The source code of Squid can usually be said to work for any OS. But the
compiled binary is specific to that OS version. There is usually a need
to rebuild if for different OS major versions like Ubuntu 16.04 vs 18.04.
> Maybe should i exclude SQUID package fo my upgrade in to UBUNTU 18 ?
>
That depends on why you have been using squid-3.5.12 with Ubuntu 16.04
which ships squid-3.3.8.
If you simply needed an upgrade and have no special customization. Then
you should be able to simply install the squid-3.5.26 package from
Ubuntu 18.04 and stop using the older 3.5.12.
If you have special customization in your Squid build that are not
included in official Squid. Then you will need to do one of the following:
* rebuild your 3.5.12 Squid package binaries for the Ubuntu 18.04
system, or
* port your customization to the squid-3.5.26 sources provided by
Ubuntu 18.04.
I advise the later (see below for why). You can find the necessary
commands on our Debian wiki page
<https://wiki.squid-cache.org/KnowledgeBase/Debian>. Ubuntu should be
the same process, except their deb-src URL will be different.
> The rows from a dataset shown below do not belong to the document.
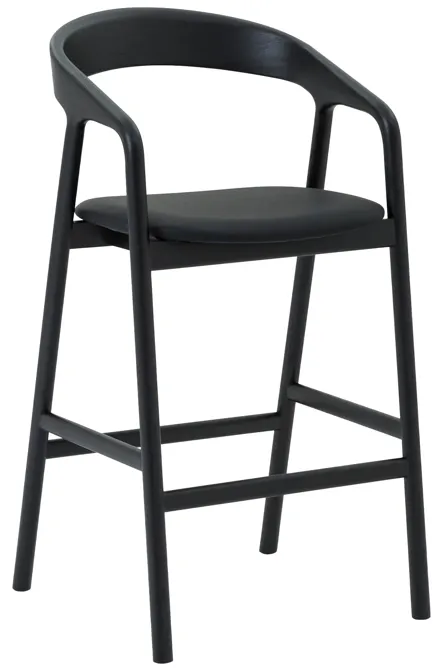 Apache Black Oak Wood and Faux Leather Counter Stool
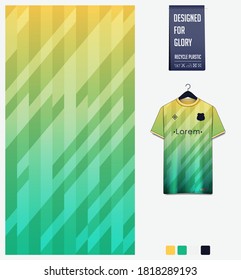 Stoffmuster-Design. Gelbe Farbverlauf-Geometrie Form Textil-Muster.Fußball Jersey, Fußball-Kit, Fahrrad, E-Sport, Basketball oder Sport-Uniform.T-Shirt Mock-up Vorlage. Abstrakter Hintergrund. Vektorgrafik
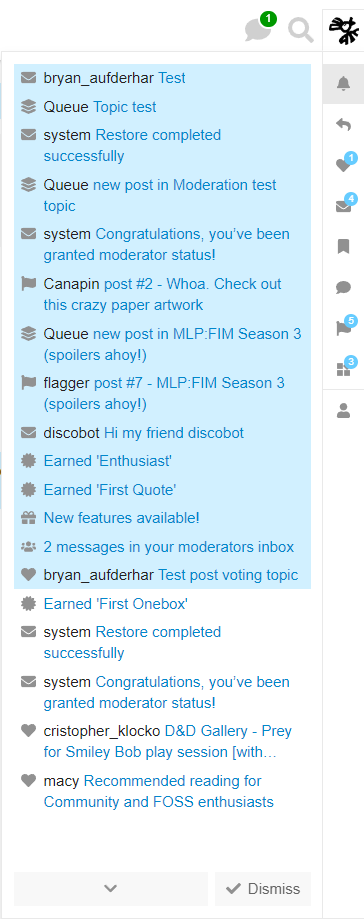 Notifications menu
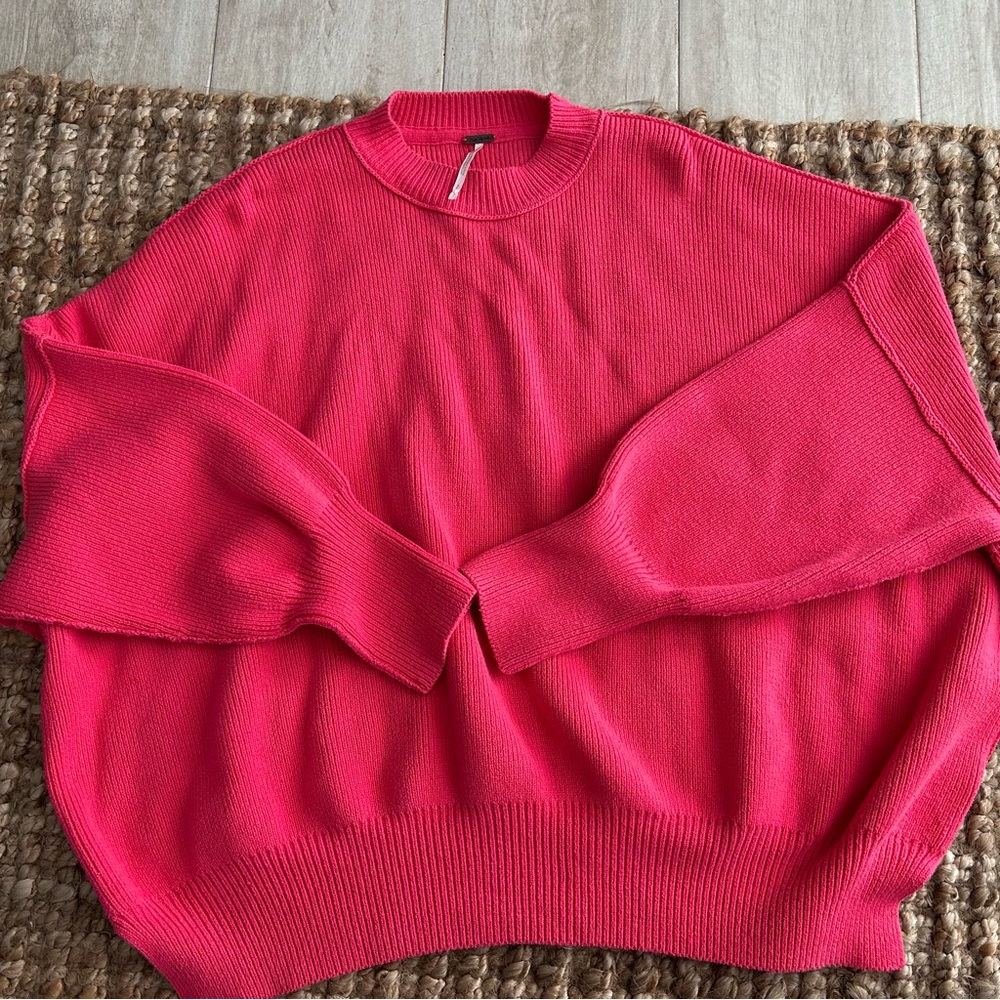 Free People Vibrant Pink Crew Neck Sweater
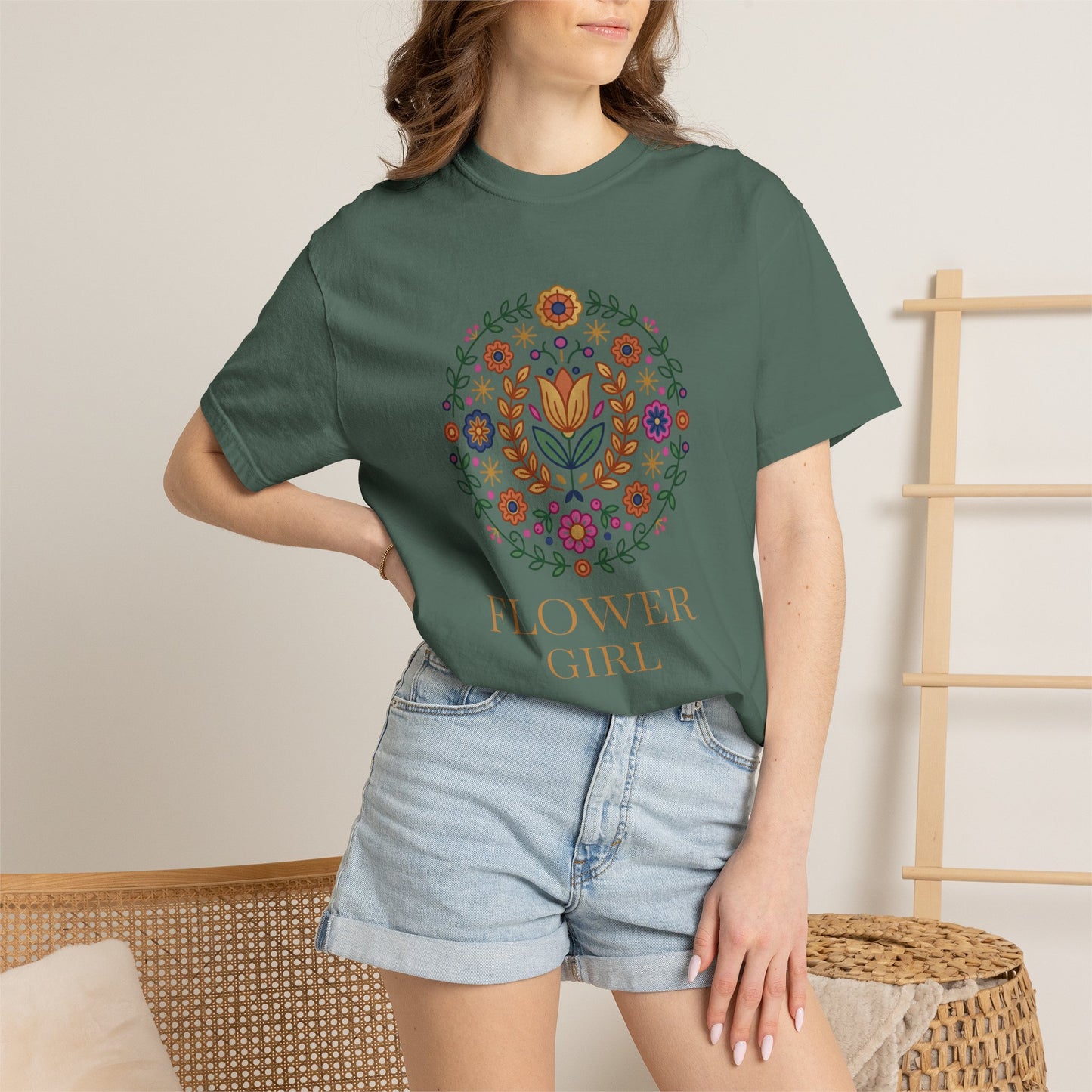 For Flower Lovers T-Shirt — Floral Wreath Nordic Folkart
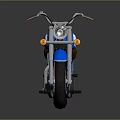 Blue Classic Motorcycle With Brown Seat Chrome Handlebars And Headlight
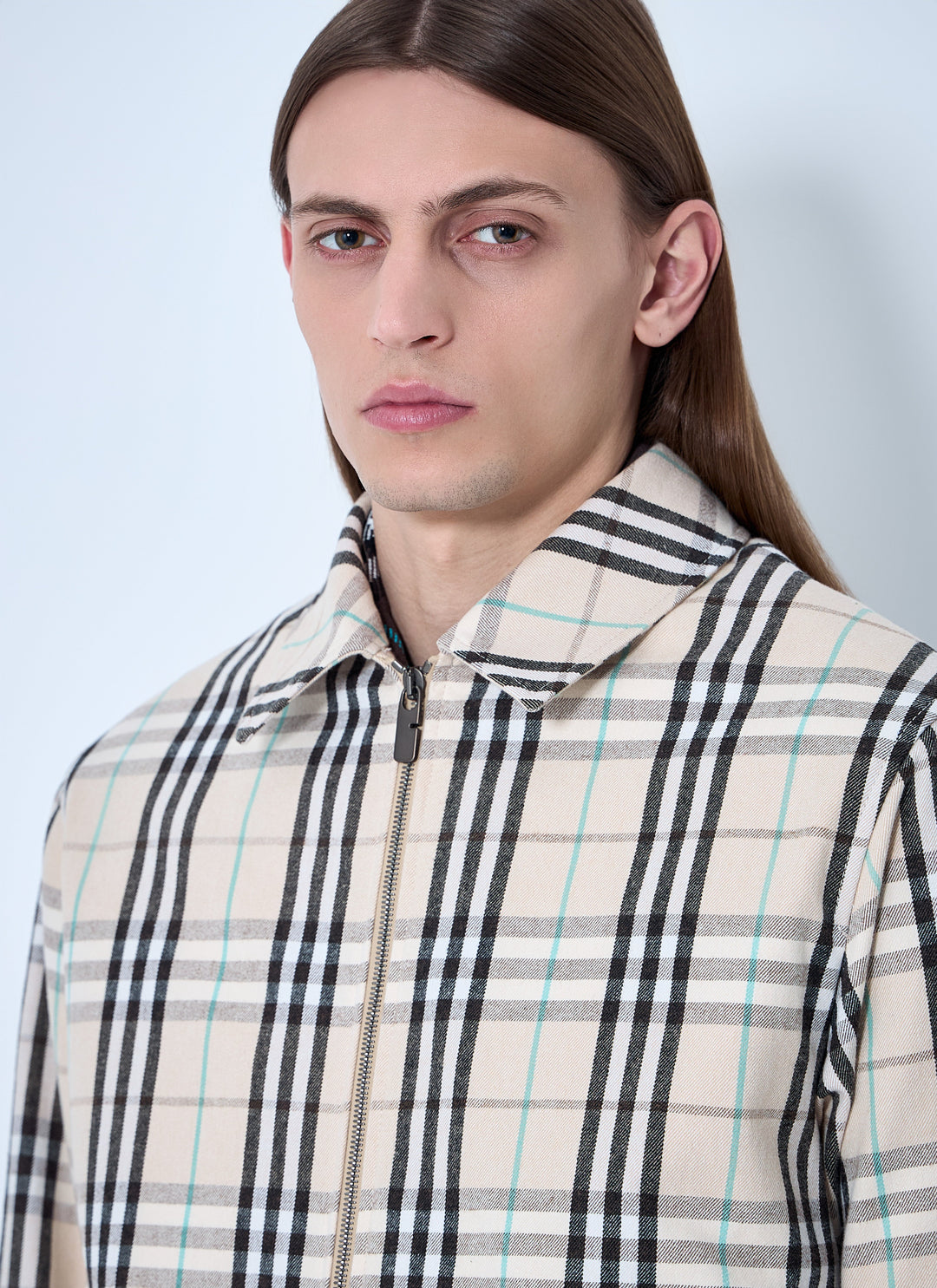 Burberry Men Check Cotton Harrington Jacket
> and before i have to update other packages of the UBUNTU 16
>
If your Squid was built as a .deb package and installed you can use
"aptitude hold X" to prevent upgrades happening for package X. With that
you can safely use the Ubuntu APT system to upgrade everything unrelated
to running Squid first. Then build your new .deb package and install it.
If you do have to rebuild from sources. You can prepare your new build
of Squid. Do test builds before upgrade, upgrade the OS, then re-build
for the upgraded system.
There are other more complicated methods if neither of those are doable.
But I shall not go into specifics unless you need them.